Short descriptive text snippets
^^^^^^^^
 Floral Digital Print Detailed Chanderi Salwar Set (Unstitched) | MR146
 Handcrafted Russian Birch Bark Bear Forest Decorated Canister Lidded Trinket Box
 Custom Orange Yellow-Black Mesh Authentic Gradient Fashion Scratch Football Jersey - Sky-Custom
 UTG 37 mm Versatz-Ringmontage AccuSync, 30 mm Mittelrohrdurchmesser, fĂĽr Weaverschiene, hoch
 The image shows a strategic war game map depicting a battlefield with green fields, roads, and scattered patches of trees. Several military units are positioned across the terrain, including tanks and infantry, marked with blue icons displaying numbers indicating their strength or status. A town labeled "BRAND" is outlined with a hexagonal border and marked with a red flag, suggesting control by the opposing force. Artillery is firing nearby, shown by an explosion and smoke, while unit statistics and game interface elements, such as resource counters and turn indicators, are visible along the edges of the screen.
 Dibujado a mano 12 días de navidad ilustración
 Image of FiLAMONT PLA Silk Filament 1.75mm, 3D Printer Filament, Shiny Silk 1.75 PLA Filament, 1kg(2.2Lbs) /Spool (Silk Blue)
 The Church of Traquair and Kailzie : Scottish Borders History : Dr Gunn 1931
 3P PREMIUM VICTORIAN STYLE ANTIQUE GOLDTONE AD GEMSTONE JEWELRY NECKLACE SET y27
^^^^^^^^
Using the data above, repeat exactly the lines that begin at the line with "Image of FiLAMONT" and end at the line with "The Church of", both ends included.

 Image of FiLAMONT PLA Silk Filament 1.75mm, 3D Printer Filament, Shiny Silk 1.75 PLA Filament, 1kg(2.2Lbs) /Spool (Silk Blue)
 The Church of Traquair and Kailzie : Scottish Borders History : Dr Gunn 1931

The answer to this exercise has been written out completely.